The text of John 1:1 has a sordid past and a myriad of interpretations. With the Greek alone, we can create empathic, orthodox, creed-like statements, or we can commit pure and unadulterated heresy. From the point of view of early church history, heresy develops when a misunderstanding arises concerning Greek articles, the predicate nominative, and grammatical word order. The early church heresy of Sabellianism understood John 1:1c to read, "and the Word was the God." The early church heresy of Arianism understood it to read, "and the word was a God."
— David A. Reed

There are two issues affecting the translating of the verse, 1) theology and 2) proper application of grammatical rules. The commonly held theology that Jesus is God may lead one to believe that the proper way to render the verse is the traditional rendering. The opposing theology that Jesus is subordinate to God as his Chief agent may lead to the conclusion that "... a god" or "... divine" is the proper rendering. This highlights the importance of understanding and applying the proper grammatical rules to any translation to avoid bias.

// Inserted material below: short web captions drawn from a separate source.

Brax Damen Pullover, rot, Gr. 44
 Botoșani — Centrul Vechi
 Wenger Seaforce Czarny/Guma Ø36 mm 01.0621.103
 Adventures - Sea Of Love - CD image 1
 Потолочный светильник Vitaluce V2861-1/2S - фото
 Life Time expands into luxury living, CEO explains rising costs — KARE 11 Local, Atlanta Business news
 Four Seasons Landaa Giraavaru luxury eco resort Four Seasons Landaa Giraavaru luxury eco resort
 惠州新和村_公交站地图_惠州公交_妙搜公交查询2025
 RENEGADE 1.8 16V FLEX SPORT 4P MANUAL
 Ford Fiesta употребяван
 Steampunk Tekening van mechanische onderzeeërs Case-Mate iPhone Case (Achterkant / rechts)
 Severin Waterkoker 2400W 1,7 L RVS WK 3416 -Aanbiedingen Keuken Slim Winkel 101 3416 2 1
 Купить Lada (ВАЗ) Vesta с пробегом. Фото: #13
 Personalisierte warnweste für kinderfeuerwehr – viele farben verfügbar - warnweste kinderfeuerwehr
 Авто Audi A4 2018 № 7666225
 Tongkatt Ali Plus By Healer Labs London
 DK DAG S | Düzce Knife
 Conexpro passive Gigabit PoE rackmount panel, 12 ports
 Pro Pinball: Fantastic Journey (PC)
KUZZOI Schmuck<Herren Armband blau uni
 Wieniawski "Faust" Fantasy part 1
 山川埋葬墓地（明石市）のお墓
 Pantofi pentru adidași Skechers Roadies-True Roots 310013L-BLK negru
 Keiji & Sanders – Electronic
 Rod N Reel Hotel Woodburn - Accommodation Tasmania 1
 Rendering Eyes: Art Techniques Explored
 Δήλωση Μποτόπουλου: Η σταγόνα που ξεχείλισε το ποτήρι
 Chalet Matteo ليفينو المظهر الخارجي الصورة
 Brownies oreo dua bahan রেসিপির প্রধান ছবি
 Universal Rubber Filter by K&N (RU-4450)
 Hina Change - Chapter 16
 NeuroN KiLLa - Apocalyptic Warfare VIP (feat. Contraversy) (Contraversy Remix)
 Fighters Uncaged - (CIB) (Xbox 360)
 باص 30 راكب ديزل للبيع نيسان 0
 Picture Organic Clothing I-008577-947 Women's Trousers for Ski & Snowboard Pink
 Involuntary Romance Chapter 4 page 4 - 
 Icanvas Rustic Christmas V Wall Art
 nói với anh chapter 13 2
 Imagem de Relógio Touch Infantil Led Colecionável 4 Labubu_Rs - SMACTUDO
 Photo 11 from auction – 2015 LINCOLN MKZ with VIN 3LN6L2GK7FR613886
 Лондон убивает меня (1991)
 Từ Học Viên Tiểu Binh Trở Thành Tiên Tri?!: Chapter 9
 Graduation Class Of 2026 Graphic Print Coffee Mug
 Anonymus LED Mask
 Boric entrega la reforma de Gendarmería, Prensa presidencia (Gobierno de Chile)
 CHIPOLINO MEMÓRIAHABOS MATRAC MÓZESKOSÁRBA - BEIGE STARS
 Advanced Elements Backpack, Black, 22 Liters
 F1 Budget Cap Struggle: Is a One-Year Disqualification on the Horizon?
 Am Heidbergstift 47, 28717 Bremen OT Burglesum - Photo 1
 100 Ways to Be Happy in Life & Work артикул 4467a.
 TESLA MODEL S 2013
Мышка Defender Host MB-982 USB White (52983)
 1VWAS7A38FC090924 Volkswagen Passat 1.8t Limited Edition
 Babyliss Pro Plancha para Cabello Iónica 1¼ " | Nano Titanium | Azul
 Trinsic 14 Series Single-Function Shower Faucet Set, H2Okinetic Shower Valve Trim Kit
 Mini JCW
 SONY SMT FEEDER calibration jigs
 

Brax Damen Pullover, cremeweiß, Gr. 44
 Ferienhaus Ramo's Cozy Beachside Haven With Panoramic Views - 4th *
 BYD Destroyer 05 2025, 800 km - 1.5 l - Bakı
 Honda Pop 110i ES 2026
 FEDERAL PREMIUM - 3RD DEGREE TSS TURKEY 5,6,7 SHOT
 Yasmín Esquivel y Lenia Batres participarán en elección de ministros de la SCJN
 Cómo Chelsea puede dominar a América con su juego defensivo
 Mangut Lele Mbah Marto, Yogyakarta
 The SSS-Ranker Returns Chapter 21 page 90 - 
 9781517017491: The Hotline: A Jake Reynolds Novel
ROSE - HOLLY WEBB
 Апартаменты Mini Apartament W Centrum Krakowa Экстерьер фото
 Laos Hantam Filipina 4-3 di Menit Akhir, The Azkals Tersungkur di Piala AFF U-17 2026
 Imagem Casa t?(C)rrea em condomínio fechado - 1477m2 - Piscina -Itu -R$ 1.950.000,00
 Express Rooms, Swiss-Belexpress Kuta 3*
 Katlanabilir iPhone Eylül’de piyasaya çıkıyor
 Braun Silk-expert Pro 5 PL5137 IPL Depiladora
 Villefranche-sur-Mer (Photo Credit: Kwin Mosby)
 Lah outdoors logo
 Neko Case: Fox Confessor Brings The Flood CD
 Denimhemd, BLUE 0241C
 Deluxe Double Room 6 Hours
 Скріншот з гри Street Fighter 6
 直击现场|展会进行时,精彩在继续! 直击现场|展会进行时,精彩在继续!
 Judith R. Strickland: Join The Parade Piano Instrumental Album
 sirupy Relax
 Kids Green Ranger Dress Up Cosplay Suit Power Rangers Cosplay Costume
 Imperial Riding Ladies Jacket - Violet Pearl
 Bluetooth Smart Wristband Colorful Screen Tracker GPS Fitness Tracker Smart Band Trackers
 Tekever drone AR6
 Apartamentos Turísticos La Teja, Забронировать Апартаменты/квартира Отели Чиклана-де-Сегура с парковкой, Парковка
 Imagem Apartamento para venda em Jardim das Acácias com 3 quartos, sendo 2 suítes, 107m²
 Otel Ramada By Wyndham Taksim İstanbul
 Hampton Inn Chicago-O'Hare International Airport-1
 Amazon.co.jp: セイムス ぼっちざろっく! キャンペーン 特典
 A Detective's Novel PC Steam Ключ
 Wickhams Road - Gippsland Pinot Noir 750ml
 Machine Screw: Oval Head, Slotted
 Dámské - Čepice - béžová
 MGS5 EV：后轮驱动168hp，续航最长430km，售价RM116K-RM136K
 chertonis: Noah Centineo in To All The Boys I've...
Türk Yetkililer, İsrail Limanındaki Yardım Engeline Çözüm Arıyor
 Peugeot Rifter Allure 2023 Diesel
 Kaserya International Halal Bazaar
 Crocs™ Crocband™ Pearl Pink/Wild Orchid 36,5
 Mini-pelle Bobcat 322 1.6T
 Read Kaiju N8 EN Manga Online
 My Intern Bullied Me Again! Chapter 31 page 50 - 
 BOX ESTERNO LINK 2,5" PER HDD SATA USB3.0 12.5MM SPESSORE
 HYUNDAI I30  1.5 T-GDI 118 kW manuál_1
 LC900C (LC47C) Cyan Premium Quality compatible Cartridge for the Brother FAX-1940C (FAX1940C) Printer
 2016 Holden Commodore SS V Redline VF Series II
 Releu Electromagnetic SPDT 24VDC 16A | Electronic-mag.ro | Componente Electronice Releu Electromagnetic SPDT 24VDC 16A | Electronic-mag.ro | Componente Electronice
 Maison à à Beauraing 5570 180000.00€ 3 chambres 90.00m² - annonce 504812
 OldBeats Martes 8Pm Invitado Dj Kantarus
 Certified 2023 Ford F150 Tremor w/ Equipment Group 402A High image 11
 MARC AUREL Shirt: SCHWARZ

Augustine of Hippo discusses John 1:1–2 in connection with ambiguities caused by punctuation rather than vocabulary. In De doctrina christiana he contrasts the reading In principio erat Verbum, et Verbum erat apud Deum, et Deus erat Verbum. Hoc erat in principio apud Deum with what he calls a "heretical pointing", In principio erat verbum, et verbum erat apud Deum, et Deus erat. Verbum hoc erat in principio apud Deum, which leaves the wording unchanged but alters the pause so that the clause "and the Word was God" no longer appears as a single unit. Augustine interprets this alternative as motivated by an unwillingness to confess that the Word is God and maintains that, in light of the Church's "rule of faith" and its teaching on the equality of the Trinity, the verse should instead be read with the predicate in the form et Deus erat verbum followed by hoc erat in principio apud Deum.

===The Greek Article===
The Greek article is often translated the, which is the English definite article, but it can have a range of meanings that can be quite different from those found in English, and require context to interpret. Ancient Greek does not have an indefinite article like the English word a, and nominatives without articles can have a range of meanings that require context to interpret. In John 1:1c, "Theos" is a predicate nominative but has no article. Thus, it is called an anarthrous predicate, and makes translation more challenging.

=== Colwell's Rule ===
Some interpreters use Colwell's rule which says that a definite predicate which is before the verb "to be" usually does not have the definite article. This tentative formulation addresses whether a definite predicate nominative uses a definite article, but does not determine if a predicate nominative is definite. E. C. Colwell doesn't address in depth how to identify whether an anarthrous predicate is either definite, indefinite or qualitative, which needs to be determined from context. Ernest Cadman Colwell writes:

The opening verse of John's Gospel contains one of the many passages where this rule suggests the translation of a predicate as a definite noun. Καὶ θεὸς ἦν ὁ λόγος [Kaì theòs ên ho lógos] looks much more like "And the Word was God" than "And the Word was divine" when viewed with reference to this rule. The absence of the article does not make the predicate indefinite or qualitative when it precedes the verb, it is indefinite in this position only when the context demands it. The context makes no such demand in the Gospel of John, for this statement cannot be regarded as strange in the prologue of the gospel which reaches its climax in the confession of Thomas [Footnote: John 20:28].
— Ernest Cadman Cowell, Journal of Biblical Literature, 52 (1933): 12-21

Philip Harner assessed that many of the anarthrous predicates preceding linking verbs that E. C. Colwell had identified as definite were actually qualitative. This challenges E. C. Colwell's results who acknowledged that they hinged on the accuracy of his determinations for each anarthrous predicate and that the difficulty of the challenge meant some mistakes were inevitable.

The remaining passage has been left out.